Suppose $X$ and $Z$ are matrices such that $(X,Z)$ and $P_XZ$ both have full column ranks. Here, $P_X=X(X'X)^{-1}X'$. Consider a regression model $$ P_Xy=P_XZ\zeta+v\tag{A} $$ where OLS is used to estimate $\zeta$. After playing around with numbers, it seems that (A) always yields $0$ residuals. Why is this the case?
Attempt: The OLS estimator for $\zeta$ from (A) is $$ (Z'P_XZ)^{-1}Z'P_Xy $$ and so the OLS residuals from (A) is $$ P_Xy-P_XZ(Z'P_XZ)^{-1}Z'P_Xy=[P_X-P_XZ(Z'P_XZ)^{-1}Z'P_X]y \tag{B} $$ For (B) to be identically $0$ for all $y$, it must be that the expression inside the square brackets is zero. But this is where I am stuck.
This is not true in general. An easy counterexample is when $Z$ orthogonal to $X$, and the residue is just $P_Xy$ which does not vanish. This is true only when the $P_Xy$ happens to be in the projected space or the space spanned by $P_XZ$.

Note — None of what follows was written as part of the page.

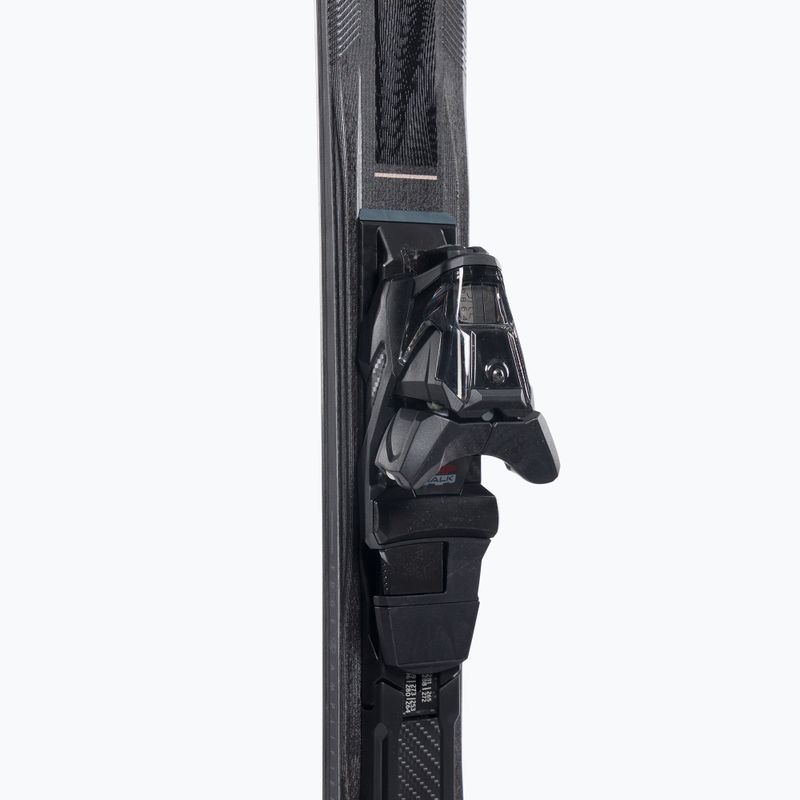 Női lesiklás síléc Salomon S Max 8W + M10 fekete L47056100 6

The essential point is that OLS is a projection onto a subspace. Thus once the subspace to be projected onto -- no matter what basis is used to represent the subspace and the projection --- is determined, the resulting vector and therefore residue is determined.
With this in mind, we can derived the pertinent result or counterexamples, depending on the given conditions, in two ways, one algebraic and one geometric.
If $X$ is of full column rank $n$, there exist, $U$ the columns of which are orthonormal, and a non-singular square matrix $A$ with the same number of columns as $X$, such that $X=UA$. So $P_X=UU'$. If $X$ and $Z$ have the same number of columns and $P_XZ=UU'Z$ is of full column rank, then $U$ and $Z$ have the same number of columns and rank and $U'Z$ is a full rank (thus invertible) square matrix. Therefore $$(Z'P_XZ)^{-1}=((U'Z)'U'Z)^{-1}=(U'Z)^{-1}\big((U'Z)'\big)^{-1}$$ and $$P_XZ(Z'P_XZ)^{-1}Z'P_X = U(U'Z)(U'Z)^{-1}\big((U'Z)'\big)^{-1}(U'Z)'U'=UU'=P_X$$ which is the desired result.
The result in the above paragraph is not surprising and can be deduced more directly and geometrically as follows. Let $S$ be the space spanned by the columns of $X$. Under the condition in the second paragraph, the columns of $X$ are independent. $P_X$ is the projection matrix onto the space spanned by the columns of $X$. $P_XZ$ consists columns entirely in $S$. $Z$ has the same number of columns as $X$ and $P_XZ$ is of full column rank implies that the columns of $P_XZ$ are also independent and constitutes just another basis of $S$. In other words, the space spanned by the columns of $P_XZ$ is not a proper subspace but the whole $S$. So the projection by $P_XZ$ is the same as projection by $P_X$. $P_Xy$ is already in $S$, its projection by $P_XZ$ onto the original space $S$ is surely itself $P_Xy$. So there is no residue.